Published June 20, 20164 min read
While your child may be stressed out applying to college during his senior year of high school, you may actually be more anxious filling out financial aid forms.Indeed, the financial aid process, especially preparing the Free Application for Financial Aid (FAFSA), can be overwhelming. But you can alleviate stress by getting your financial house in order long before your child’s senior year. To better prepare for and tackle the financial aid process, take a look at our top five tips:
This is a must, even if you think you won’t be eligible for financial aid. The FAFSA helps determine whether your child receives Federal grants, student loans, work-study and even private scholarships. Starting with applying to school for the 2017/2018 year, you’ll be able to submit the FAFSA as early as the prior October instead of the January deadline in previous years. This means that for college entry in 2017, you’ll report your 2015 completed tax return as well as any assets you or your child holds at the time the FAFSA is submitted. This also means you’ll have to plan ahead as your income during Junior’s sophomore and junior years is what will be reported. Filling out the FAFSA will calculate your expected family contribution, or EFC. As this isn’t always the true amount you can afford to contribute to college, read on to see what you can do to maximize your aid package.

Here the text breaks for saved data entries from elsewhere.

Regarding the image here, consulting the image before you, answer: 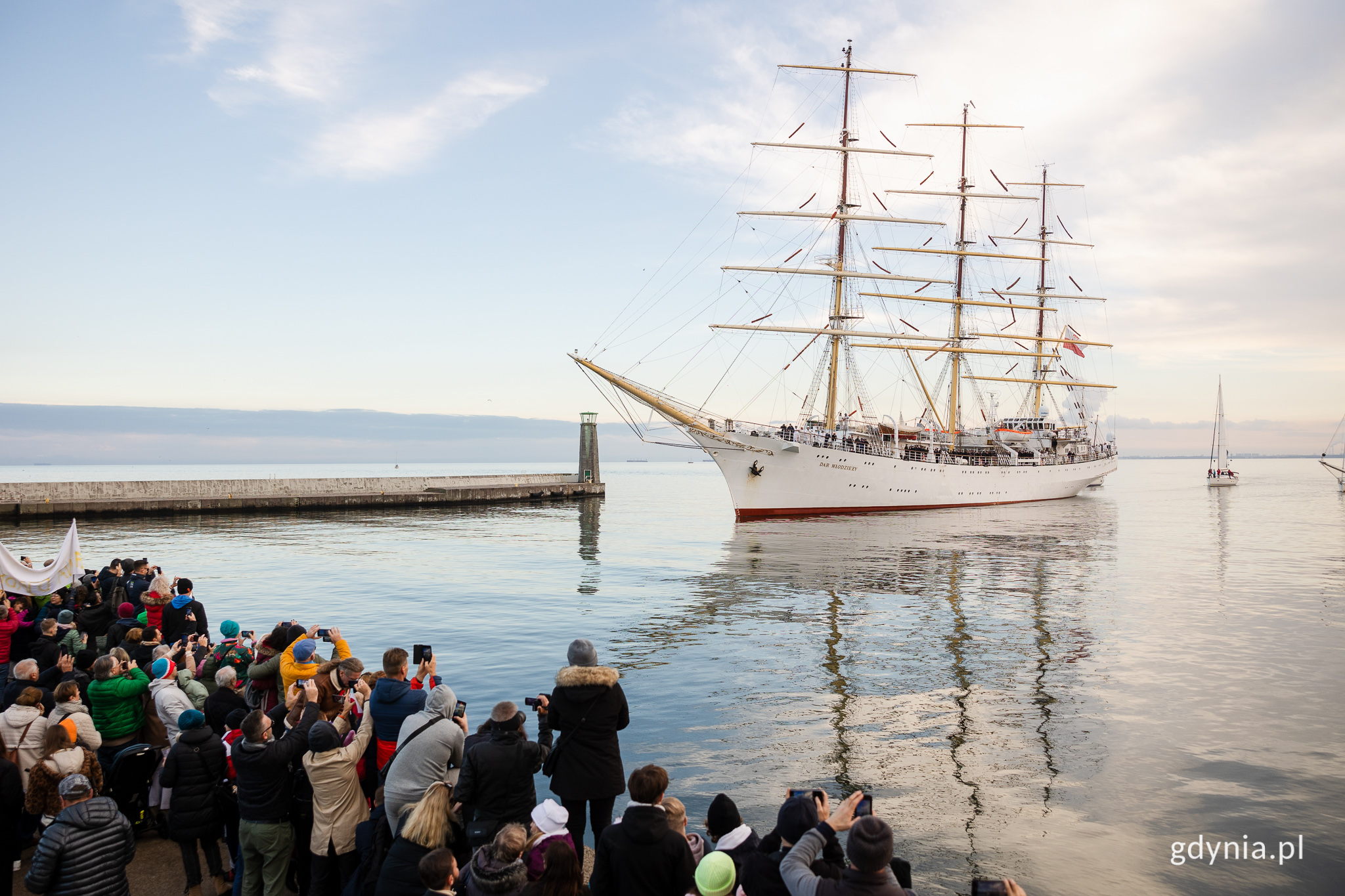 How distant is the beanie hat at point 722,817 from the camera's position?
4766 millimetres

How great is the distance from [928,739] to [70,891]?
32.2 ft

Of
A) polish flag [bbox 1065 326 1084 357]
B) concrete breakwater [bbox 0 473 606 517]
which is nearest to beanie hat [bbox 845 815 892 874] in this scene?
concrete breakwater [bbox 0 473 606 517]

Funds held in 401(k) and IRA accounts do not have to be reported as assets on the FAFSA. So, shifting money from taxable funds and savings into retirement accounts during the years prior to filling out the FAFSA can lower your EFC. With this said, only do this if you can afford it as it’s not a wise idea to dip into your retirement funds to pay for college, says Jill Marr, manager of client services administration at American Student Assistance (ASA).Not only are there often penalties for withdrawing money early but "your kids won’t thank you when they have to support you in your old age," says Marr.
Your child is expected to contribute 20 percent of his assets toward college. You are only expected to chalk over about 12 percent, according to Marr, who also spent 15 years as a college financial aid administrator. The only exception to this is a 529 college savings account, which is considered a parental asset even if it’s in Junior’s name. To avoid the higher expected contribution percentage, you can move Junior’s savings and assets into accounts in your name or a 529. Another perfectly legal tip: Consider gifting Junior’s money to a grandparent or someone else and this way you can move the funds out of your family accounts entirely. You can gift up to $14,000 a year per person without paying taxes. The one caveat: Be sure you trust the person you give the money to so that you’re confident Junior will get it back.
Your savings and other assets are counted toward your EFC, so why not deflate this amount while paying off your existing debt? For example, if you have a car loan or credit card debt and you have money in a savings account earmarked for Junior’s college, you can use this to pay off that debt, reduce your available savings and hopefully boost your financial aid package. Another perk of paying down debt: It will likely improve your credit score, making it easier to borrow money in the future, says Marr."It’s best to be prepared and have options. Students have limited ability to borrow and you shouldn’t assume your child will be able to borrow enough money on his own," she says.
When it comes to the FAFSA, minimizing your income is key. In fact, your income weighs more heavily in the FAFSA eligibility formula than your assets. For this reason, you should time any income shifts wisely. For example, hold off on selling mutual funds or exercising stock options as this may boost your annual income. Likewise, capital gains from the sale of a house could balloon your yearly income even if you plan to invest the money or use it to pay for college, says Marr. If you can’t get around an income boost, you can file an appeal with college after Junior is accepted. This way you can explain the situation to the financial aid department. However, in order to avoid the hassle and possible disappointment of being denied aid, it’s best to avoid this scenario during Junior’s high school years.